Files in $HOME/.lsst used by Butler¶
Butler uses several credential files in your $HOME/.lsst directory to access S3 storage and Bulter
databases.
Remove $HOME/.lsst/db-auth.yaml file. It is obsolted and should NOT be used.
AWS S3 Credentials¶
Butler uses credebtials in $HOME/.lsst/aws-credentials.ini to access the S3 storge
(Reference).
For exmaple, the following contains access credentials for the Embargo S3 storage:
[embargo]
aws_access_key_id = <your access key id from Vault>
aws_secret_access_key = <your secret access key from Vault>
Postgres Credentials¶
Bulter uses info in $HOME/.lsst/postgres-credentials.txt to access the Bulter databases. The following two
lines give exampes of the content of the file:
usdf-butler.slac.stanford.edu:5432:lsstdb1:rubin:<repo main's DB password in Vault>
usdf-butler-embargo-db-tx.sdf.slac.stanford.edu:5432:lsstdb1:rubin:<repo embargo's DB password in Vault>
The Rucio Configuretion¶
If you will need to work with Rucio, add the following to the 99-data-curation.conf.
export RUCIO_CONFIG=$HOME/.config/rucio-rubin.config
export RUCIO_ACCOUNT=$(id -un)
The $RUCIO_CONFIG file will look like this:
[client]
rucio_host = https://rubin-rucio.slac.stanford.edu:8443
auth_host = https://rubin-rucio.slac.stanford.edu:8443
auth_type = ssh
ssh_private_key = $HOME/.ssh/id_rsa
In the above example we use SSH authentication for Rucio. Most team members use this method but other
authentcation methods such as X.509 are also
supported. If you don’t have an account in Rucio, you will need to ask another member of the team to create
one for you with appropriate privileges in Rucio.
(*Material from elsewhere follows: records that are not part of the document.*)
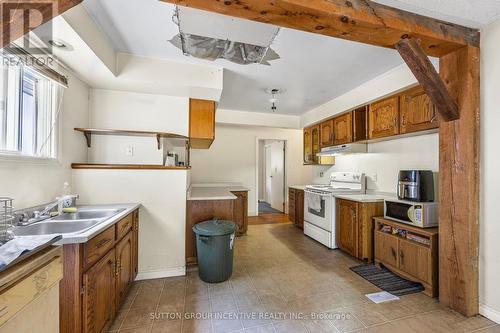 1213 Bayfield Street N, Springwater (Midhurst), ON - Indoor Photo Showing Kitchen With Double Sink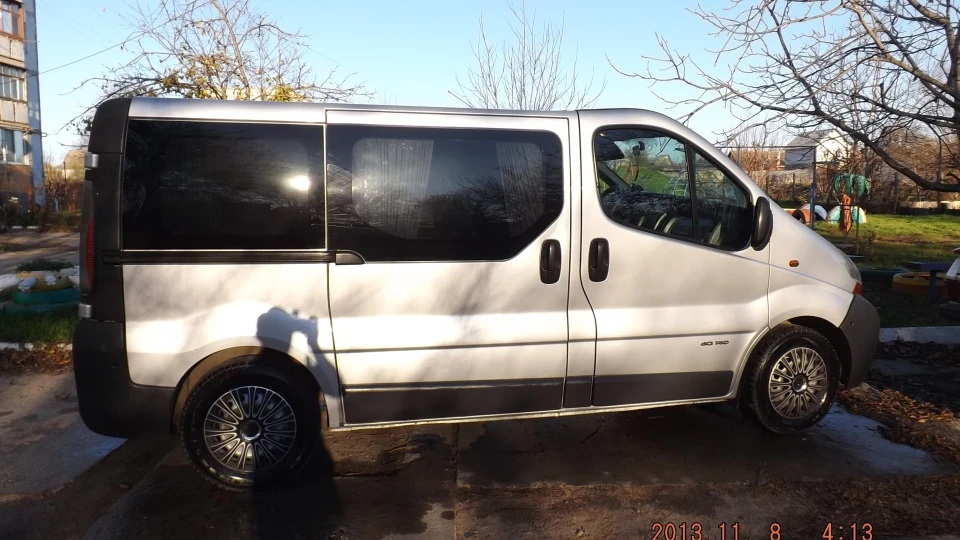 Renault Trafic сірий металік 2.5 dci 2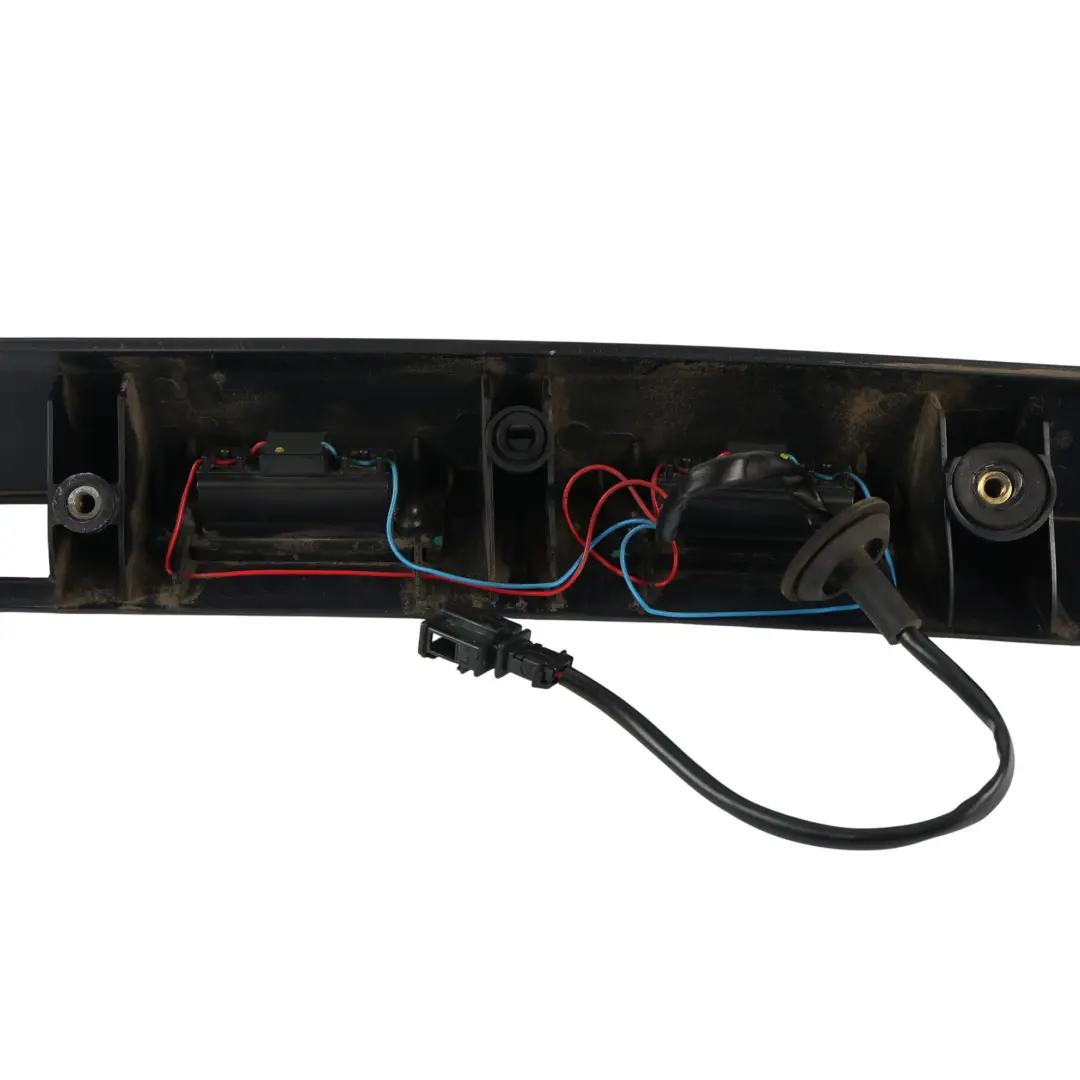 2K Poignée Porte Arrière Garniture Éclairage Plaque 2K5827574F pour Volkswagen Caddy à propos du numéro de pièce 2K5827574S Volkswagen Caddy 2K Poignée Porte Arrière Garniture Éclairage Plaque 2K5827574F - SKU 2K5827574S - Numéro de pièce 2K5827574S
The above example also assume that your Rucio account name
is the same as your Unix user name (id -un).
Access Privileges¶
Ask other members of the team and S3DF for access to various secrets in Vault, access to Kubernetes vClusters and Rucio/FTS/RSEs
Vault¶
For convenience, define the following environment variable in the 99-data-curation.conf
export VAULT_ADDR="https://vault.sdf.slac.stanford.edu:8200"
Each time you start using vault, do the following:
module load vault
vault login -method=ldap username=$(id -un)
Type in your S3DF Windows AD password when prompted.
Kubernetes¶
Likely Kubernetes vClusters that you will need access:
usdf-embargo-dmz
user-rucio (and -dev)
usdf-fts3 (and -dev)
Accessing to usdf-rucio and usdf-fts3 vClusters are needed only for the purpose of configuation, etc.
It is not needed for day-to-day use of Rucio/FTS and RSEs.
Kubernetes access tokens expires in a day or two. So you will need to re-generate the access tokens from
time to time. To do so, go to https://k8s.slac.stanford.edu/<vcluster-name> and following the instructions
there.
FTS and RSEs¶
To register to VOMS, access the FTS and RSEs via command lines, you will need X.509 certificates. Ask other members of the team for help.